« Les forces imaginantes de notre esprit se développent sur deux axes très différents.
Les
unes trouvent leur essor devant la nouveauté; elles s'amusent du
pittoresque, de la variété, de l'événement inattendu. L'imagination
qu'elles animent a toujours un printemps à décrire. Dans la nature, loin
de nous, déjà vivantes, elles produisent des fleurs.
Les autres
forces imaginantes creusent le fond de l'être; elles veulent trouver
dans l'être, à la fois, le primitif et l'éternel. Elles dominent la
saison et l'histoire. Dans la nature, en nous et hors de nous, elles
produisent des germes; des germes où la forme est enfoncée dans une
substance, où la forme est interne.
En s'exprimant tout de suite
philosophiquement, on pourrait distinguer deux imaginations : une
imagination qui donne vie à la cause formelle et une imagination qui
donne vie à la cause matérielle ou, plus brièvement, l'imagination
formelle et l'imagination matérielle. Ces derniers concepts exprimés
sous une forme abrégée nous semblent en effet indispensables à une étude
philosophique complète de la création poétique. Il faut qu'une cause
sentimentale, qu'une cause du cœur devienne une cause formelle pour que
l'œuvre ait la variété du verbe, la vie changeante de la lumière. Mais
outre les images de la forme, si souvent évoquées par les psychologues
de l'imagination, il y a -nous le montrerons- des images de la matière,
des images directes de la matière. La vue les nomme, mais la main les
connaît. Une joie dynamique les manie, les pétrit, les allège. Ces
images de la matière, on les rêve substantiellement, intimement, en
écartant les formes, les formes périssables, les vaines images, le
devenir des surfaces. Elles ont un poids, elles sont un cœur.
Sans
doute, il est des œuvres où les deux forces imaginantes coopèrent. Il
est même impossible de les séparer complètement. La rêverie la plus
mobile, la plus métamorphosante, la plus entièrement livrée aux formes,
garde quand même un lest, une densité, une lenteur, une germination. En
revanche, toute œuvre poétique qui descend assez profondément dans le
germe de l'être pour trouver la solide constance et belle monotonie de
la matière, toute œuvre poétique qui prend ses forces dans l'action
vigilante d'une cause substantielle doit, tout de même, fleurir, se
parer. Elle doit accueillir, pour la première séduction du lecteur, les
exubérances de la beauté formelle.»
Gaston Bachelard, L'eau et les rêves, Le livre de poche
Un
phénomène étrange avait été découvert par Asinus. N'importe où,
n'importe quand, sur un îlot ou sur un autre, pouvait apparaître une
sorte d'oasis luxuriante.
Elle restait là pour un temps, puis elle disparaissait aussi vite
qu'elle était apparue. Il leur était impossible de prévoir si cela
pouvait se reproduire... ni, à fortiori, de le prédire...

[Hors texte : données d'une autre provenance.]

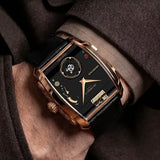 On wrist view of the Jacob & Co. The Godfather II Manual Tourbillon 44mm Watch, reference OP200.40.AA.AB.ABALA, demonstrating the proportions of the 42 x 44mm case against the wrist. The black alligator leather strap contrasts against the 18K Rose Gold case and dial.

Un jour, Asinus, l'âne aux songes incertains,
Vit surgir, insensé, des jardins clandestins.
Là, parmi les rochers que la mer malmène,
Naissait un paradis aux splendeurs souveraines.
Des arbres alourdis d'un feuillage éclatant,
Des fruits gonflés de sève au suc éblouissant,
Des ombres caressantes où l'onde se repose,
Un souffle suspendu, l'illusion grandiose.
Mais à peine entrevu, ce mirage se meurt,
Et l'herbe en un instant se flétrit sans labeur.
Là où régnaient splendeur et fraîcheur passagère,
Revient le sol caillouteux d'une île inhospitalière.